Sayın Bahçeli, “Afrin’den Kandil’e güvenlik kuşağı” teklifini, “kritik bir aşamaya ulaşan iç ve dış tehditler” hakkında yaptığı basın açıklamasında dile dile getirmişti. Bu açıklamada yer alan bazı görüşler, MHP Genel Başkanının öngörülerindeki isabetliliğin neye dayandığına da işaret etmektedir. Örneğin, Sayın Bahçeli artık neredeyse herkesin benimsediği şu hususu yıllar önce o gün kayda geçirmiştir:

“Suriye’nin kuzeyindeki tehlikeli oluşumlar, bölücü terör örgütü PKK ve uzantısı PYD’nin otonom hareketleri, sınırlarımızın hemen bitişiğinde bekamız açısından meşru olmayan bir yapının inşasına yol açmıştır. Özellikle Kamışlı, Kobani, Afrin, Amude, Derika ve Hemko’da PKK, PYD ve peşmerge unsurları ittifak halinde kontrolü ele geçirmişlerdir.”

Dikkat çekmek isterim ki bu açıklamada geçen yer adlarının tamamı şimdi gündemde olan güvenli bölgenin içinde kalmaktadır. Netice itibarıyla, geçen zaman, Sayın Bahçeli’nin Suriye konusundaki görüşlerinin haklılığını ortaya çıkarmıştır.

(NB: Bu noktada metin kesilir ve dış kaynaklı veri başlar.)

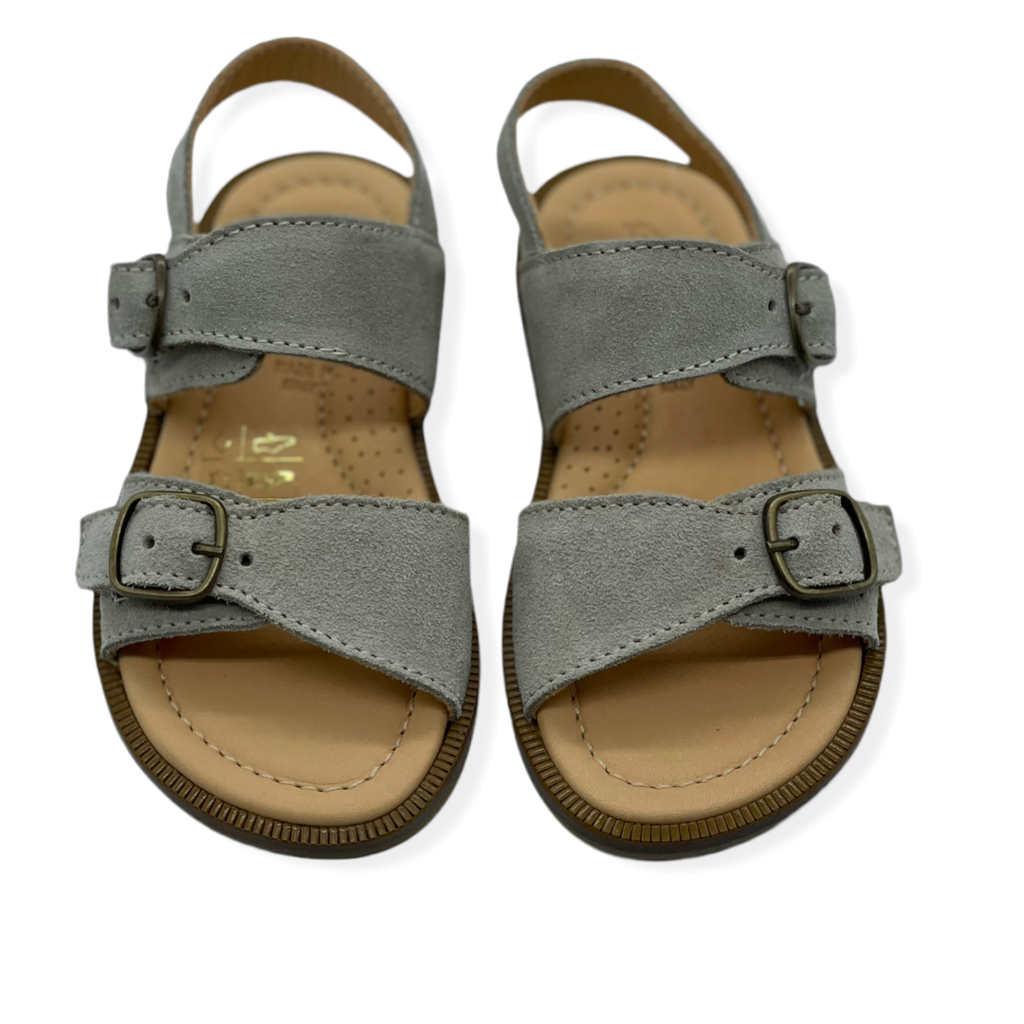 OCRA OCRA CLASSIC SANDAL TAUPE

Trump’ın açıklamasından sonra da Sayın Bahçeli yine ciddiye alınması gereken bazı uyarılarda bulundu. Sayın Bahçeli, son grup konuşmasında şu hususu vurguladı: “Trump’ın sözüyle hareket etmek, tehditlerine tamam demek yok olmak, tarih ve coğrafyadan sürülmek anlamına gelecektir. Suriye’nin kuzeyinde tampon bölge kurmak, ardından muhtemel uçuşa yasak bölge ilanı teröristlere al da at dercesine gollük pas vermektir. Kısacası yeni bir özerk yönetim, yeni bir Barzani modelidir.”

Gerçekten de oluşturulması öngörülen “güvenli bölge” midir, yoksa “tampon bölge” midir sorusunun en kısa sürede cevaplanması gerekiyor. Bölgenin kim tarafından korunacağı, bölgeye yerinden edilmiş kişilerin geri dönüşünün nasıl olacağı, bölgenin idaresinin kimler tarafından yerine getirileceği gibi muallak noktaların aydınlatılması gerekiyor.

Bu bölgenin, uzun vadede Barzani’nin özerk yönetimine benzer bir yapıya dönüşmemesi ve PKK’lı teröristler için bir “güvenli barınak” hâline gelmemesi için kapsamlı tedbirlerin alınması gerektiği açık. 1991’de 36. enlemin kuzeyinde uçuşa yasak bölgenin oluşturulmasının, Kuzey Irak’ı PKK için terör üssü hâline getirdiği unutulmamalı. Ayrıca, vurgulamak gerekir ki, terör örgütünün sınırımızdan 30 km uzaklaştırılması, elbette terörün sonunun geldiğini anlamına gelmez. Terörle mücadelenin Fırat’ın doğusunda mesafe gözetmeden devam etmesi ve Suriye’nin terörden bütünüyle arındırılması şarttır.